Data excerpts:
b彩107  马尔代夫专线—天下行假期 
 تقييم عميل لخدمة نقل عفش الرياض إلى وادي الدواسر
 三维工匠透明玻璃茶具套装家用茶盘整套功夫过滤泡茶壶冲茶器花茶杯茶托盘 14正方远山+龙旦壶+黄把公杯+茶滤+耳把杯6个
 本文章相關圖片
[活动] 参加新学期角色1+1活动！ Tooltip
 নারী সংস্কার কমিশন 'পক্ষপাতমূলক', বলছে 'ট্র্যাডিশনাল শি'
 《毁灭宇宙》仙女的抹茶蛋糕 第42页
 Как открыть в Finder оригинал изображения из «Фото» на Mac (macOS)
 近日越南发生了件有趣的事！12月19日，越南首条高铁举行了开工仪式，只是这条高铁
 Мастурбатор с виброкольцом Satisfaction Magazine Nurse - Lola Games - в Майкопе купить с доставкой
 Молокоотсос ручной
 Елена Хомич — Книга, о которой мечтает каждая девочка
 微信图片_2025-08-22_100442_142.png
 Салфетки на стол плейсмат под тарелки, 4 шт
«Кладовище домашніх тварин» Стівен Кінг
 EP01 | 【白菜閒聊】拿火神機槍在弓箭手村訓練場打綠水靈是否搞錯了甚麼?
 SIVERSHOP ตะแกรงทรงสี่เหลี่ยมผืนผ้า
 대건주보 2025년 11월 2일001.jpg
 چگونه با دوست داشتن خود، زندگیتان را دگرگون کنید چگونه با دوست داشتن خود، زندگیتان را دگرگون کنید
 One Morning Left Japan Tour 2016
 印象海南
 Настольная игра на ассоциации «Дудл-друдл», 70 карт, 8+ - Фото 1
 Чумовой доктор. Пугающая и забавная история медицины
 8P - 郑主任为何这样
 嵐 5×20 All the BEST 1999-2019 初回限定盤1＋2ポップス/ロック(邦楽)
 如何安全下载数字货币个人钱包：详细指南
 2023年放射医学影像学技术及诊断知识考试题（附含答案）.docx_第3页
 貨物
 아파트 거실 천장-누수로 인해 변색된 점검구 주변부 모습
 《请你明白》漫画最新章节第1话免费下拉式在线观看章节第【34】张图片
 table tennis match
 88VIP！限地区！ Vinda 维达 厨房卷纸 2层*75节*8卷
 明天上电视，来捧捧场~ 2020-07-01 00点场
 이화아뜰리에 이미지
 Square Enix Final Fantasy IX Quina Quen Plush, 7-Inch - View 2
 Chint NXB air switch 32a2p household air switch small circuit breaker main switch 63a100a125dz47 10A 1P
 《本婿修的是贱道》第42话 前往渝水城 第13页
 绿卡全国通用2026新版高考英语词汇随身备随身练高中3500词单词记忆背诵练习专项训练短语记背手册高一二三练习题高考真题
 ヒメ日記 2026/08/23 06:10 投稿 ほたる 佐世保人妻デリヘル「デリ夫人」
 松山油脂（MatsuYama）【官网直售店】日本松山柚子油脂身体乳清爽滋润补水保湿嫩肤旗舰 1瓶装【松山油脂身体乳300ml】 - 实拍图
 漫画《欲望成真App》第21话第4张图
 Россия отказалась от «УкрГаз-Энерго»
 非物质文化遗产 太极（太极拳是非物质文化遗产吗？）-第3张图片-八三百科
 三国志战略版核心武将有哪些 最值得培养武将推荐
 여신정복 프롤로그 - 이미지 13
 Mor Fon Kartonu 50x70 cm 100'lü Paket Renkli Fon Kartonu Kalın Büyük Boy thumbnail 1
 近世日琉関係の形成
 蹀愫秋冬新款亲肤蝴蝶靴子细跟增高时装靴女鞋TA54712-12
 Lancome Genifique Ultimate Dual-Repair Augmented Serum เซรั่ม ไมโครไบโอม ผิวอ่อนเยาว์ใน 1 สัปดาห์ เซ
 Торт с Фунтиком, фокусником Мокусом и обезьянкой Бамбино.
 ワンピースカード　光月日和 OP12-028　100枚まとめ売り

PROBLEM TO SOLVE: Every line from the line containing "Мастурбатор с виброкольцом" through the line containing "대건주보 2025년 11월 2일001.jpg" in the records above must be retyped exactly. Leave out the rest.

EXERCISE SOLUTION:
 Мастурбатор с виброкольцом Satisfaction Magazine Nurse - Lola Games - в Майкопе купить с доставкой
 Молокоотсос ручной
 Елена Хомич — Книга, о которой мечтает каждая девочка
 微信图片_2025-08-22_100442_142.png
 Салфетки на стол плейсмат под тарелки, 4 шт
«Кладовище домашніх тварин» Стівен Кінг
 EP01 | 【白菜閒聊】拿火神機槍在弓箭手村訓練場打綠水靈是否搞錯了甚麼?
 SIVERSHOP ตะแกรงทรงสี่เหลี่ยมผืนผ้า
 대건주보 2025년 11월 2일001.jpg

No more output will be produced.